ACTIVITY:
From the line that contains "Гидроизоляция фундамента: виды" through the closing line of the entries, write out each line exactly; pictures stay out.

SOURCE DATA:
_____
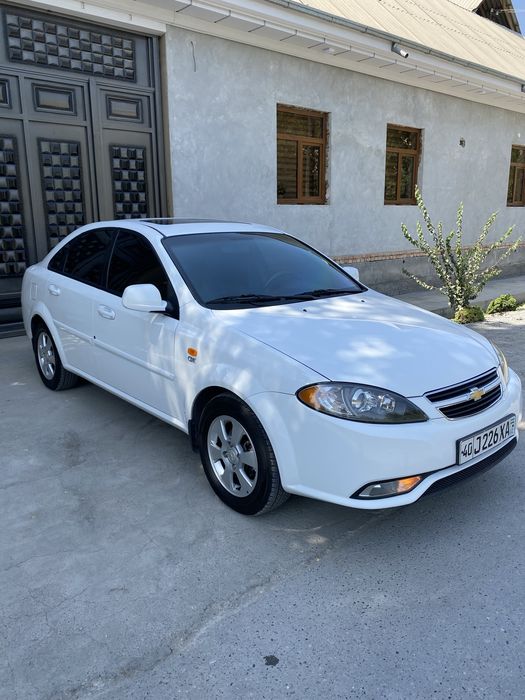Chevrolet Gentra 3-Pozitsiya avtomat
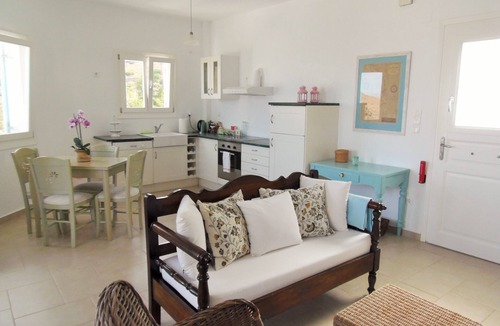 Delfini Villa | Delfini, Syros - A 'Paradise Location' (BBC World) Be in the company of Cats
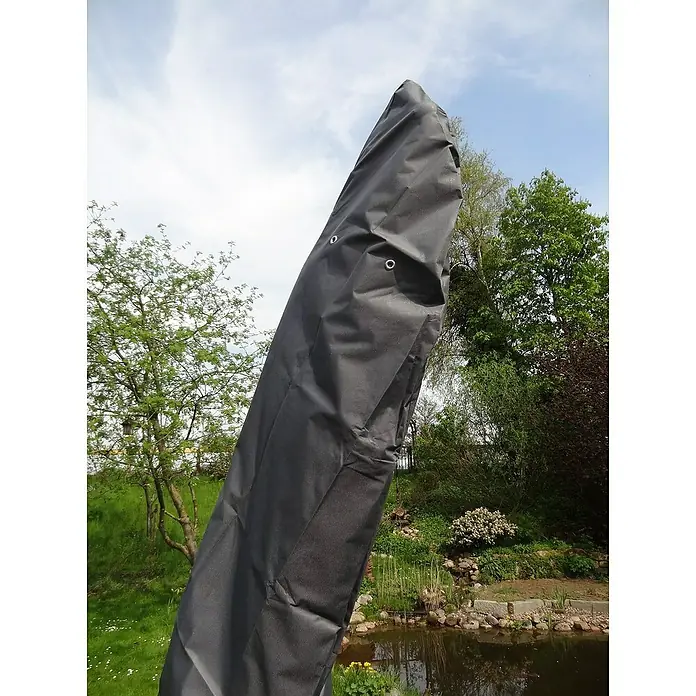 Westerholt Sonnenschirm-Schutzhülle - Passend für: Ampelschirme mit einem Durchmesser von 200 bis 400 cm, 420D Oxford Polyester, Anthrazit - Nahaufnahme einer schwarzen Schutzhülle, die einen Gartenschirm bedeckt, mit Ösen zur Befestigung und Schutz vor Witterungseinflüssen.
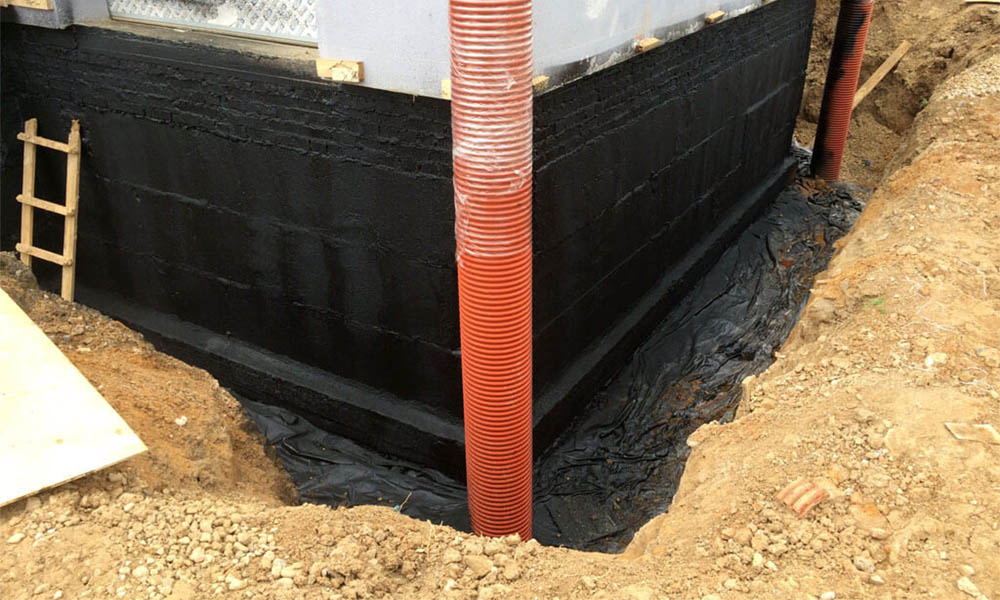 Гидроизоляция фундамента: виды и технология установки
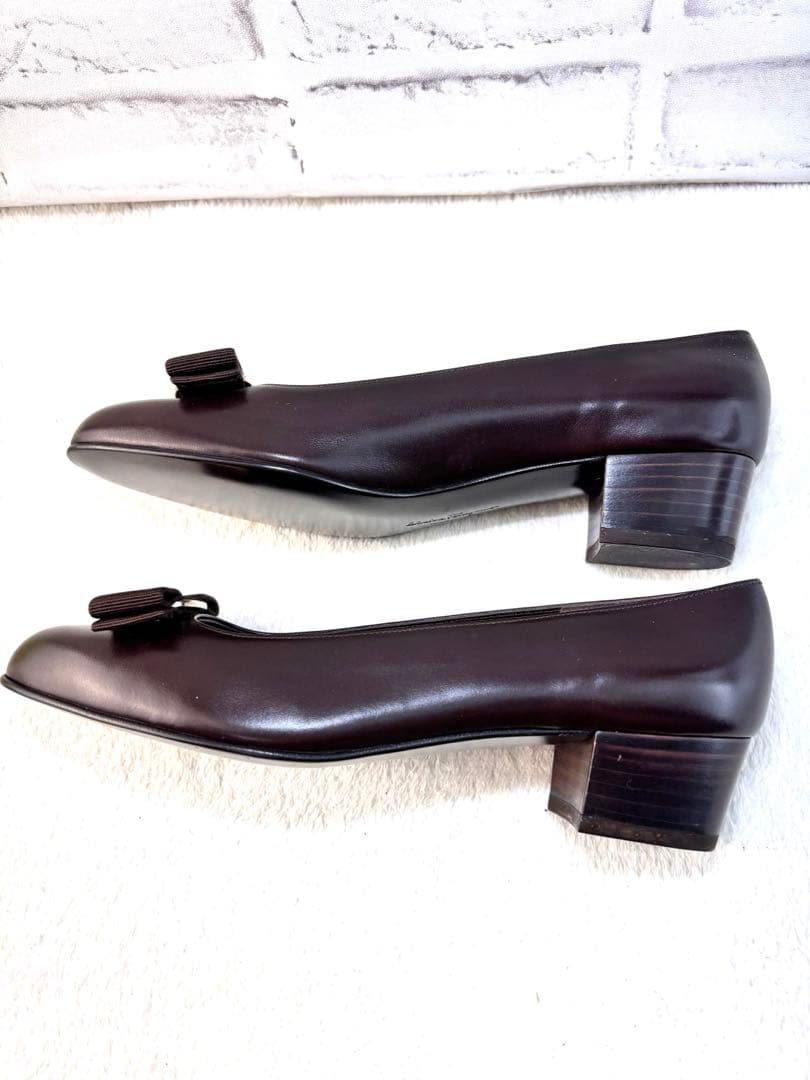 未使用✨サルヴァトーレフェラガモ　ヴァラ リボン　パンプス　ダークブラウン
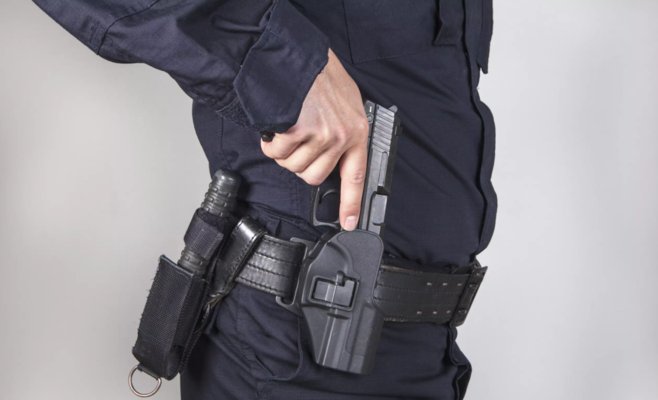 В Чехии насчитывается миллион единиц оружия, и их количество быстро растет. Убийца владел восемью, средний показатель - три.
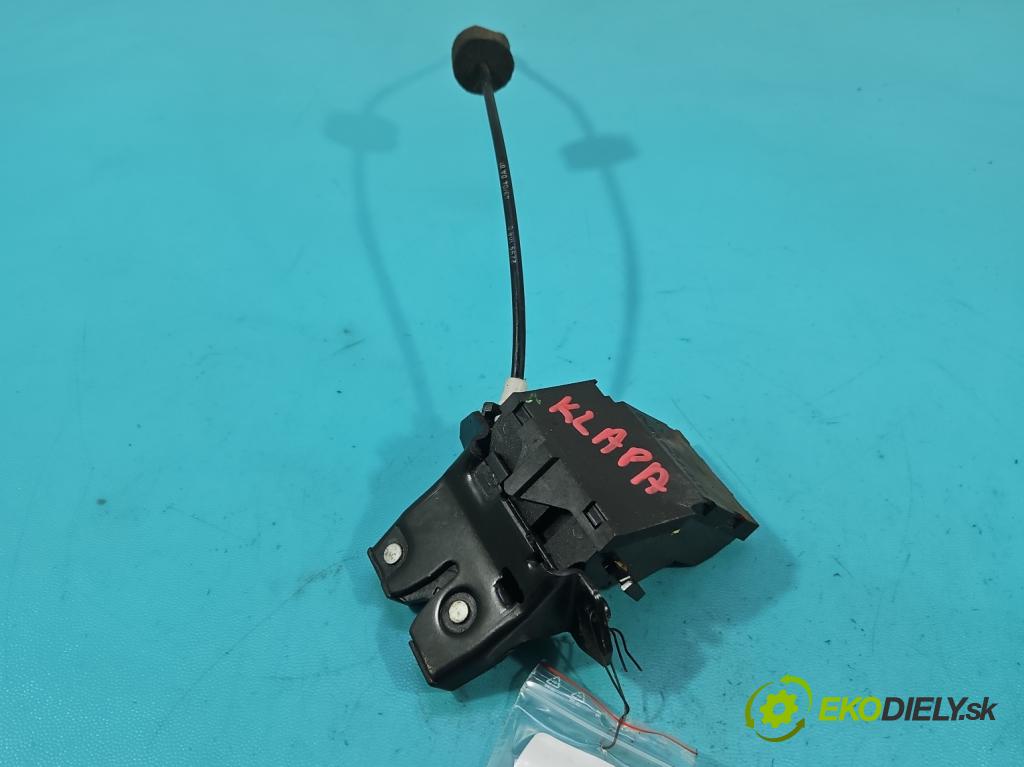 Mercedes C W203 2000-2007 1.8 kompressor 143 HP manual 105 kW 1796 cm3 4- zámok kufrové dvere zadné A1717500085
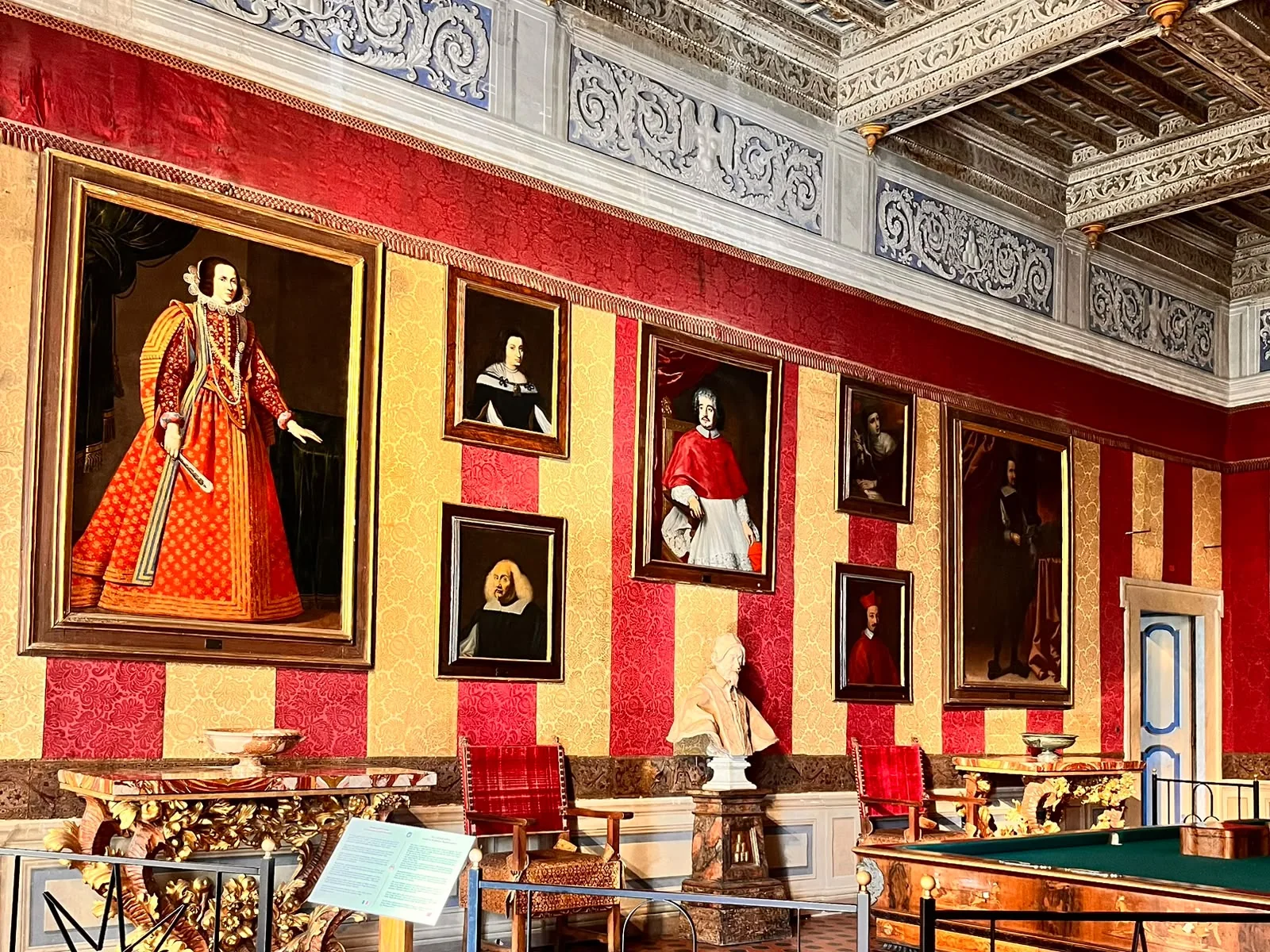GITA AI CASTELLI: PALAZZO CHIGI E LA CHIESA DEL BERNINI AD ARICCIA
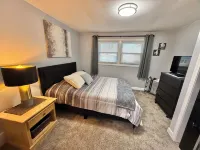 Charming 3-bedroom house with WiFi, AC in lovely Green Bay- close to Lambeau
_____
EXERCISE RESPONSE:
 Гидроизоляция фундамента: виды и технология установки
 未使用✨サルヴァトーレフェラガモ　ヴァラ リボン　パンプス　ダークブラウン
 В Чехии насчитывается миллион единиц оружия, и их количество быстро растет. Убийца владел восемью, средний показатель - три.
 Mercedes C W203 2000-2007 1.8 kompressor 143 HP manual 105 kW 1796 cm3 4- zámok kufrové dvere zadné A1717500085
GITA AI CASTELLI: PALAZZO CHIGI E LA CHIESA DEL BERNINI AD ARICCIA
 Charming 3-bedroom house with WiFi, AC in lovely Green Bay- close to Lambeau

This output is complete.